登陆注册
18371200000012

第12章 A MULTIVALVE HEART.(1)

PHILIP MALBONE had that perfectly sunny temperament which is peculiarly captivating among Americans, because it is so rare.

He liked everybody and everybody liked him; he had a thousand ways of affording pleasure, and he received it in the giving.

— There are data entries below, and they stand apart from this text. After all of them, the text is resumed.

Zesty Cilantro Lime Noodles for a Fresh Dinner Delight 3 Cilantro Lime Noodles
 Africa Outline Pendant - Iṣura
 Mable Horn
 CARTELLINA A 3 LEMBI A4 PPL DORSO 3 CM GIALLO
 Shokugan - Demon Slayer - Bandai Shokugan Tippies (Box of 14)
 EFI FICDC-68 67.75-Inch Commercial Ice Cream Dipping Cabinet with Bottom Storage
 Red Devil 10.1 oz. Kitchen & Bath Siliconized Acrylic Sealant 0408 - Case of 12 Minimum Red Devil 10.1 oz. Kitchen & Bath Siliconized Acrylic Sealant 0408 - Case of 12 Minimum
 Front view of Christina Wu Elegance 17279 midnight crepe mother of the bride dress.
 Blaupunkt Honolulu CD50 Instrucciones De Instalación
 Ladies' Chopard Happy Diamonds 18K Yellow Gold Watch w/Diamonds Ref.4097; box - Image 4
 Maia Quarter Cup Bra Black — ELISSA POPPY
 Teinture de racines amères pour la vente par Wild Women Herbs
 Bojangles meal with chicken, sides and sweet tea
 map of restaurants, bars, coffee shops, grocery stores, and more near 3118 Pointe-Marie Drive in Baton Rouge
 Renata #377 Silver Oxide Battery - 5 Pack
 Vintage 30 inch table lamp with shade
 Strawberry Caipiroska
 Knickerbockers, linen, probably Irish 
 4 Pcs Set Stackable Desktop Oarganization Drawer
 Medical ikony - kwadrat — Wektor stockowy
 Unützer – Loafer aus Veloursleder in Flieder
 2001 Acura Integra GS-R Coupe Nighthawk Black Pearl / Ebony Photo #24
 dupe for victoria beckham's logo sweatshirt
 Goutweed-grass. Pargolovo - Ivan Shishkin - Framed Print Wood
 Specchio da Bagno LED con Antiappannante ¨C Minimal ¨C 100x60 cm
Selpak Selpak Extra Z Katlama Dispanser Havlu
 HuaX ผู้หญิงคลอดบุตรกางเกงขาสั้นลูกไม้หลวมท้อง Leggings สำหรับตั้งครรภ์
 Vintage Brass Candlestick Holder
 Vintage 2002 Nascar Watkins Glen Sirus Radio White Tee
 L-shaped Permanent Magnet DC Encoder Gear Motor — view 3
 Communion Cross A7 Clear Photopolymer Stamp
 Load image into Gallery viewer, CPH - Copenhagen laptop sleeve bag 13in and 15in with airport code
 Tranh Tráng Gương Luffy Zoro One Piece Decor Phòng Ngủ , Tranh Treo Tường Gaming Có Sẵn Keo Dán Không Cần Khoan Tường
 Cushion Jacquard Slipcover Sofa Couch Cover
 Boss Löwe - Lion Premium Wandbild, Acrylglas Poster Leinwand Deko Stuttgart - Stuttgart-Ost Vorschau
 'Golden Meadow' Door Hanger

He had a personal beauty, which, strange to say, was recognized by both sexes,--for handsome men must often consent to be mildly hated by their own. He had travelled much, and had mingled in very varied society; he had a moderate fortune, no vices, no ambition, and no capacity of ennui.

He was fastidious and over-critical, it might be, in his theories, but in practice he was easily suited and never vexed.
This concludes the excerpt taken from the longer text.